POSTED: 02/24/18, 2:03 PM PST

Publication: Marin Independent Journal: Editorial


Over the past two years, the county has been wrestling with possible regulations for short-term rentals.

Meanwhile, the popularity of rentals offered on websites such as Airbnb and VRBO is booming. Last year, a consultant involved in tracking the internet-driven rental market estimated there were 1,126 short-term rentals available across the county, not just the unincorporated area over which the supervisors hold jurisdiction.

The county hired the consultant to come up with updated numbers, but those won’t be available until next month.

The county’s dilemma, and that faced by Marin cities, has many factors. Many of the internet-generated rentals are sidestepping the rules that also apply to traditional lodging options such as hotels, motels and bed-and-breakfast inns.
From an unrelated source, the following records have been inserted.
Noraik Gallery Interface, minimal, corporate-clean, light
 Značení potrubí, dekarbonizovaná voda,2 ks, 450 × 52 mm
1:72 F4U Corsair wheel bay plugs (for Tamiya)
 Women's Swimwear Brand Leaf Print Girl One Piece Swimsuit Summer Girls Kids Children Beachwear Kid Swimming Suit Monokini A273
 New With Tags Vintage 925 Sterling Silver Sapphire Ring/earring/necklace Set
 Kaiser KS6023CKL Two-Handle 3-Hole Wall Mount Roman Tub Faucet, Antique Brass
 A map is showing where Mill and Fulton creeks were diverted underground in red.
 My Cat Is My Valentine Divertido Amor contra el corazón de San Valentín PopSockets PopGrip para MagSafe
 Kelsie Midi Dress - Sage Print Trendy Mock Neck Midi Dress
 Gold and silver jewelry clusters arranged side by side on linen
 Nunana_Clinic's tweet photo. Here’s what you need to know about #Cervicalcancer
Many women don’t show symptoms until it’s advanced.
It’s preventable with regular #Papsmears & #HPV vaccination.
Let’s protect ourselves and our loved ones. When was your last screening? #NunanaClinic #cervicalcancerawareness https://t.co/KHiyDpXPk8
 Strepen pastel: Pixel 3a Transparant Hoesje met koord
They aren’t facing parking requirements, they aren’t getting county business licenses and fees and, often, they aren’t paying county lodging taxes.

In addition, the money-earning power of short-term rentals has led some property owners to turn what had been affordable long-term rental opportunities into vacation rentals.

The county’s problem is it really doesn’t know how many short-term rentals it’s dealing with because Airbnb and VRBO don’t open their books. The county has hired a consultant to help come up with some details.

For some property owners, income generated by those short-term rentals is making it possible for them to afford to buy a house in Marin. Others are buying up homes because they want to turn them into vacation rentals.

But some of the rentals have generated neighborhood complaints about rowdy behavior or parking problems.

So the supervisors have decided to try to pull these rentals out of the underground economy and require them, for at least a three-month trial period, to post property-front signs, informing passersby that they are short-term rentals. The signs would include a phone number to call with inquiries or complaints.

The signs might help pinpoint the whereabouts of these rentals, but they also could be an invitation for burglars or dissuade a potential homebuyer looking at homes in the neighborhood.

The other problem, perhaps the most vexing, is that the sign law would only apply to those who are playing by the county’s rules — those that are registered.

It’s just another regulation that most of the internet rental landlords are sidestepping. Or would the signs, which county planning staff advises, help reinforce the county’s requirements?

Supervisors should answer that question before giving final approval to the sign plan.

And then what about the mixed message?

While the county is busy promoting tourism, it is also clamping down on a popular lodging choice among visitors.

Short-term rentals should play by the rules, the same that other lodging opportunities are expected to follow. Will requiring short-term rentals that are already following the rules to post signs accomplish that? Or, will the county measure have unintended consequences?